The US and its fellow members in the “Five Eyes” intelligence network have urged Interpol to suspend Russia, a nation critics say routinely abuses Interpol’s databases to harass dissidents living abroad by hampering their mobility and urging unwitting foreign police organizations in 193 other nations to jail innocent members of the Russian diaspora who defy Putin.
In a prepared statement sent to Coffee or Die Magazine Thursday, March 10, Interpol officials said Secretary General Jürgen Stock ordered “heightened supervision and monitoring measures in relation to Russia,” a decision blessed by the institution’s Executive Committee.
Beginning Thursday, Stock banned Russia from sending “diffusions” — informal demands from the National Crime Bureau in Moscow for information about suspects or to arrest them — to members of the organization. From now on, all requests must go directly to Interpol headquarters in Lyon, France, for review.
Interpol indicated that the organization was already using the same standard to monitor Russia’s use of color-coded notices. The most important of these are the Red Notices — requests by police organizations for overseas agencies to locate and arrest suspected criminals before extraditing them back home.

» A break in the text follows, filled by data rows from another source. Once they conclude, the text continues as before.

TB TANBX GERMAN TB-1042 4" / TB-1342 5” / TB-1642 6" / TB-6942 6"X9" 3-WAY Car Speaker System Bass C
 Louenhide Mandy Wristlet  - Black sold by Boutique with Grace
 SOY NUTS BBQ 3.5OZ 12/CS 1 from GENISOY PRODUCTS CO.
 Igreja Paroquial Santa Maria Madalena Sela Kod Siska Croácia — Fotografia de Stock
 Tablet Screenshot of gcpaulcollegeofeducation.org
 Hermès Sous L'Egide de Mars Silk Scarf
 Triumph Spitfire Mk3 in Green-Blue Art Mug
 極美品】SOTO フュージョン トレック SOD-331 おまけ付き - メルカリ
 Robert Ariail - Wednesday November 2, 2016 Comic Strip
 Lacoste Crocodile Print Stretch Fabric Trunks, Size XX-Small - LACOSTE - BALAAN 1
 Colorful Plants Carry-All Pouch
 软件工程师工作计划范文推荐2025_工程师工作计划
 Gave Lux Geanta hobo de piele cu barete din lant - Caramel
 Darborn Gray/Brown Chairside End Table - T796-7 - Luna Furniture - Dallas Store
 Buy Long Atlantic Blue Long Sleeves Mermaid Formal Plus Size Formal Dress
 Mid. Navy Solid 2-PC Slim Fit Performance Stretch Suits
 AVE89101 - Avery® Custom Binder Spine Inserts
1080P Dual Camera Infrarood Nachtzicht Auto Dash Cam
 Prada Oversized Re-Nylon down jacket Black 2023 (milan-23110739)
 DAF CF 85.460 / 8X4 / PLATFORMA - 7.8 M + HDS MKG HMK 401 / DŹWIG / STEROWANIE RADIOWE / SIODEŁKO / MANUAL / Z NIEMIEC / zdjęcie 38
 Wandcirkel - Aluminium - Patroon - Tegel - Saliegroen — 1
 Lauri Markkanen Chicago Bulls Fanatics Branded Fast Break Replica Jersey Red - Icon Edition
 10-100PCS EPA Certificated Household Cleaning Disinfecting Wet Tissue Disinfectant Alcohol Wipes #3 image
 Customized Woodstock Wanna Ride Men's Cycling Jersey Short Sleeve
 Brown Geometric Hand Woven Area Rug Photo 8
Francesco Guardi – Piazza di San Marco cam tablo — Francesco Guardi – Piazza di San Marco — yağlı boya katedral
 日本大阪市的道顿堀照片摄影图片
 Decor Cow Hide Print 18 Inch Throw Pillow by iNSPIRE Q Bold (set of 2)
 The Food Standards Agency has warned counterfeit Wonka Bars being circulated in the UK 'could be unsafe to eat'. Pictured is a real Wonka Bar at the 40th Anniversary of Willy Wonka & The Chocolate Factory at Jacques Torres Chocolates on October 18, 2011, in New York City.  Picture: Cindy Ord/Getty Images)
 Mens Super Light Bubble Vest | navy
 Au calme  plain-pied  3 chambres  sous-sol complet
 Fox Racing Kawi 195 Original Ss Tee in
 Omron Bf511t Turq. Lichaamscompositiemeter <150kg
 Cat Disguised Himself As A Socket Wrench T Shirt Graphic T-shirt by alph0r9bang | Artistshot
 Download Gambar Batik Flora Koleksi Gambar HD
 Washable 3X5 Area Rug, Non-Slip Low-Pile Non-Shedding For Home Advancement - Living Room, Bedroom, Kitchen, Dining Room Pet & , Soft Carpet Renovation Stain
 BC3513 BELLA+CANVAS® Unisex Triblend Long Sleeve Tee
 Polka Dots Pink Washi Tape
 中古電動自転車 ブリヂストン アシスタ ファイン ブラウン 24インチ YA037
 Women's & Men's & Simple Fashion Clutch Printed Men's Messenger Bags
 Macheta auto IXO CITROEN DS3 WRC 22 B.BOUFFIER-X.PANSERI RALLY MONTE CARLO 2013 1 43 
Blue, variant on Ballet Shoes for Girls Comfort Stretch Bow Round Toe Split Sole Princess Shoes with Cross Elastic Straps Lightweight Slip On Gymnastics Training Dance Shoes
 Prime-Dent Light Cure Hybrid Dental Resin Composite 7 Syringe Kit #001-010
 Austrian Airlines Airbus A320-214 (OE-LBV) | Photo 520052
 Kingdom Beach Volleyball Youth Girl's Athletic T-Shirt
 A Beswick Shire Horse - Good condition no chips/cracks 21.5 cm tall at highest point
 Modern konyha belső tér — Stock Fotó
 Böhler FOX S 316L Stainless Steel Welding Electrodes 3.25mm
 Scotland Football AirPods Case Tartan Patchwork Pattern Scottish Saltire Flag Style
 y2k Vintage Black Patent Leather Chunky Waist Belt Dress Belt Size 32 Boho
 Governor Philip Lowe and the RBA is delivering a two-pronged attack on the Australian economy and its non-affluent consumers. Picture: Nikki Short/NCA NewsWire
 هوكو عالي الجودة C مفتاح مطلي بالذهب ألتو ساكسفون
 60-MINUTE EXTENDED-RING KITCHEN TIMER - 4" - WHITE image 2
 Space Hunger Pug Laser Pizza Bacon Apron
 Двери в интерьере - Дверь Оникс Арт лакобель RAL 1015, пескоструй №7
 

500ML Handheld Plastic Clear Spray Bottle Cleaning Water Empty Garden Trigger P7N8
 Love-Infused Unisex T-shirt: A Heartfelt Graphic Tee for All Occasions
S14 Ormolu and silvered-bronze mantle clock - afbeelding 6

US Department of Justice officials did not reply to Coffee or Die‘s messages seeking comment, and it remains unclear whether Stock’s efforts will appease any of the “Five Eyes.” On Thursday, British officials in the alliance nixed all extradition agreements with the Kremlin.
Interpol indicated that Stock might enact other unspecified measures “on an urgent basis” and “if the need arises.”
In Paris, the French Ministry for Europe and Foreign Affairs lauded Interpol’s move to impose stiffer enforcement standards over Russia’s activities at Interpol.
Conceding Interpol is under pressure “at the political level” to suspend or boot Russia from the organization, officials defended Stock’s decision on Russia by saying other nations wanted to keep cooperating with the Kremlin, “highlighting serious security and safety concerns if information sharing is stopped.”
Interpol claimed that checks against its databases by police agencies along Ukraine’s border identified suspects wanted by four different countries. Coffee or Die couldn’t independently verify the claim.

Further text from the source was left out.